Frank Riboud, le PDG de Danone, a dévoilé publiquement les grandes lignes de ce dispositif, qui modifie en profondeur, depuis le début de l'année 2008, l'assiette des bonus des dirigeants en réduisant l'impact des critères financiers au profit d'indicateurs sociaux et environnementaux. latribune.fr dévoile les détails de ce dispositif.
"Jusqu'à présent, 60% du bonus des dirigeants était indexé sur des résultats économiques comme la croissance du chiffre d'affaires, la rentabilité et le cash généré, souligne Florence Saliba, le directeur des rémunérations. Le reste, soit 40%, dépendait de la réussite dans la conduite de projets prioritaires et d'objectifs de management". Mais Danone évolue du géant de l'agroalimentaire, qu'il était, vers le spécialiste qui "apporte la santé par l'alimentation au plus grand nombre" qu'il veut devenir. Pour accompagner cette translation, le groupe colle au plus près avec les valeurs qui émergent chez les consommateurs. Valeurs environnementales, sociétales sont bien éloignées des traditionnels impératifs - financiers - des dirigeants d'un groupe de taille mondiale.
"Sous l'impulsion de Frank Riboud, nous avons transformé ce programme de bonus pour le mettre en parfaite cohérence avec notre double projet économique et sociétal", indique Muriel Pénicaud. Désormais, le bonus dépendra de trois grands facteurs : l'économique, le management et le sociétal. Chacun impactera de manière identique le bonus de ces 900 dirigeants.
La phase technique est ensuite engagée. La plus sensible. Le diable se niche toujours dans les détails les plus triviaux, des critères vagues ou flous n'incitant personne à modifier son approche du business. Les études techniques ne modifient pas les critères financiers. La progression de la croissance de l'unité dirigée, la rentabilité ou le cash généré pèseront pour un tiers dans la définition du bonus. Les critères managériaux, modification d'une organisation, lancement d'un grand projet, ne changement pas et pèsent toujours pour un tiers. "Très individualisés, ils sont définis entre le dirigeant et son responsable hiérarchique, en toute transparence avec la direction des ressources humaines", explique Florence Saliba.

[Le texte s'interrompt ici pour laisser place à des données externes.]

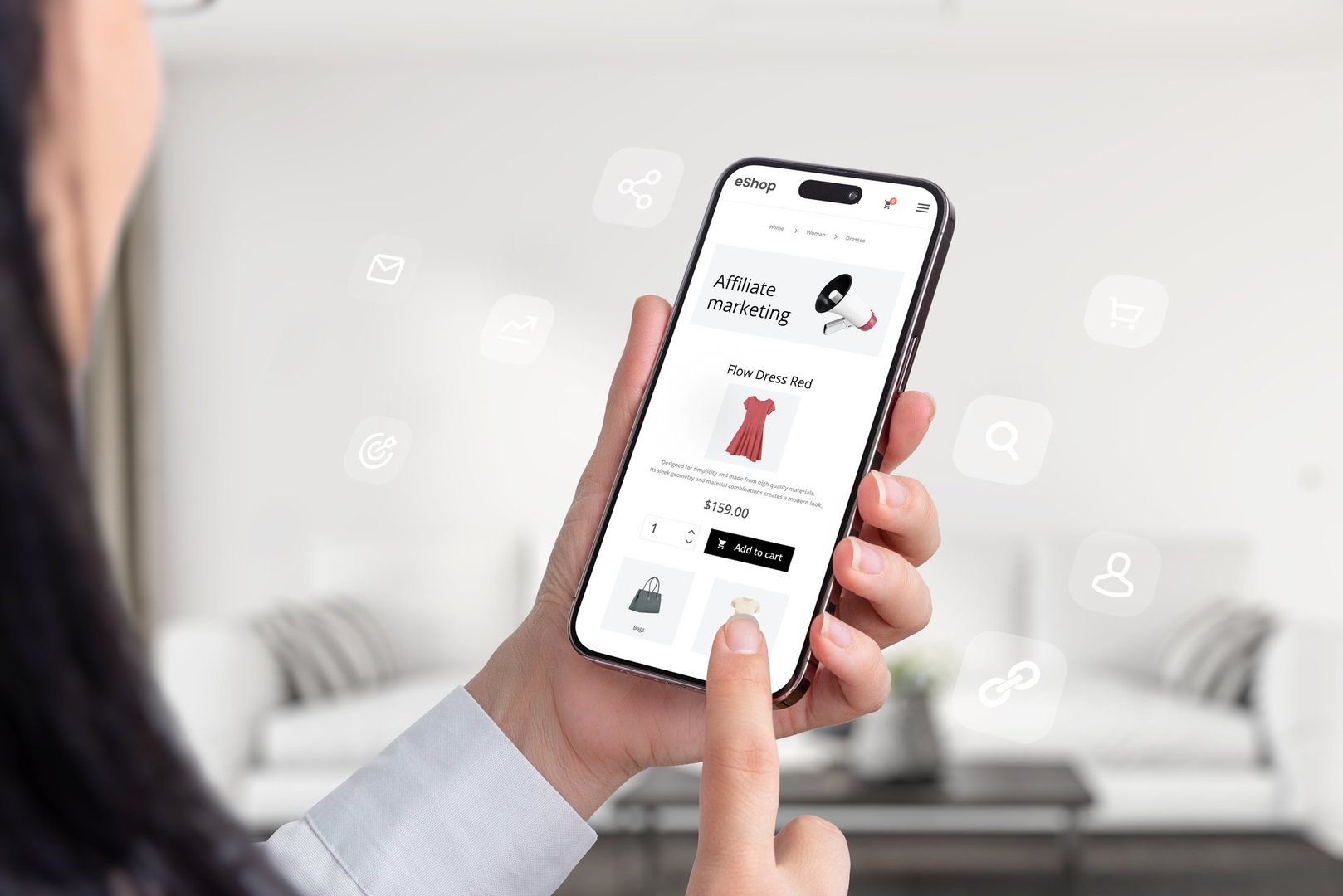 Affiliate marketing composition with a mobile phone in a woman's hands and an ecommerce website offering affiliate marketing links for promotion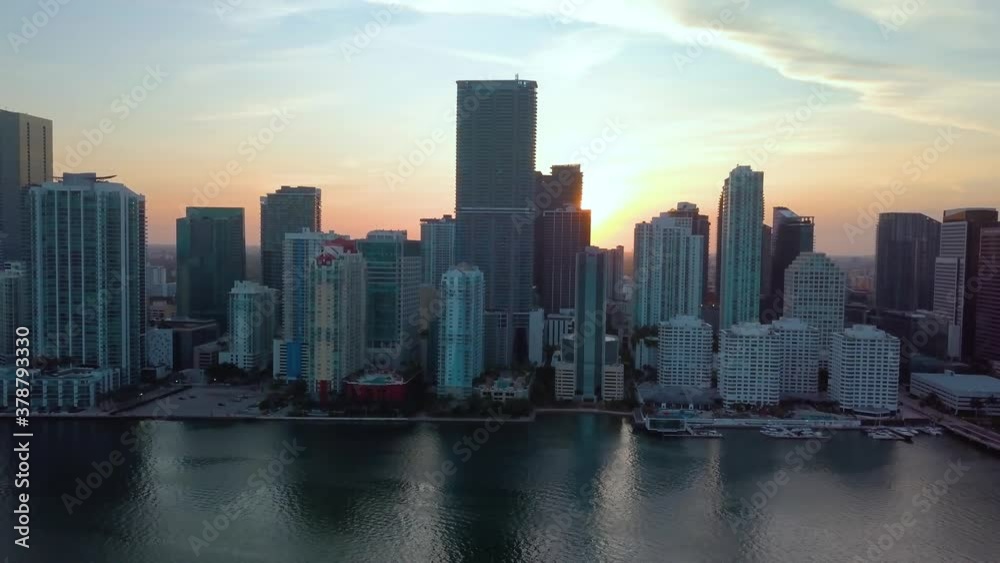 Aerial view of the sunrise, behind high rise buildings, in the Brickell district, on a sunny morning, in Miami, Florida, USA - tracking, drone shot Aerial view of the sunrise, behind high rise buildings, in the Brickell district, on a sunny morning, in Miami, Florida, USA - tracking, drone shot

Les équipes RH (ressources humaines) précisent ensuite les critères "sociétaux". Ce qui pourrait sembler d'une complexité sans nom et d'un flou identique est en fait résolu très simplement en classant une série d'indicateurs en deux catégories : l'environnement et les hommes. Au premier chapitre, les dirigeants seront évaluée sur la réduction de la quantité de CO2 émis par l'activité dont ils sont responsables et de la consommation d'eau. Au chapitre "hommes", ces mêmes dirigeants voient une partie de leur bonus indexé sur le taux d'accident de travail et sur l'augmentation du nombre d'heures de formation.
Très déstabilisant pour ces hauts dirigeants habitués à n'être jugé que sur des critères financiers, ce changement a été instillé peu à peu auprès d'eux en même temps que les spécialistes des rémunération du groupe finalisait le projet. "Ce dispositif est à son démarrage et bien sûr sera amené à évoluer avec l'expérience, remarque Muriel Penicaud, DGRH du groupe. Il faut l'expliquer, le nourrir, le faire vivre. Ce dispositif comme l'ensemble des projets RH s'inscrit pleinement dans la stratégie du Groupe".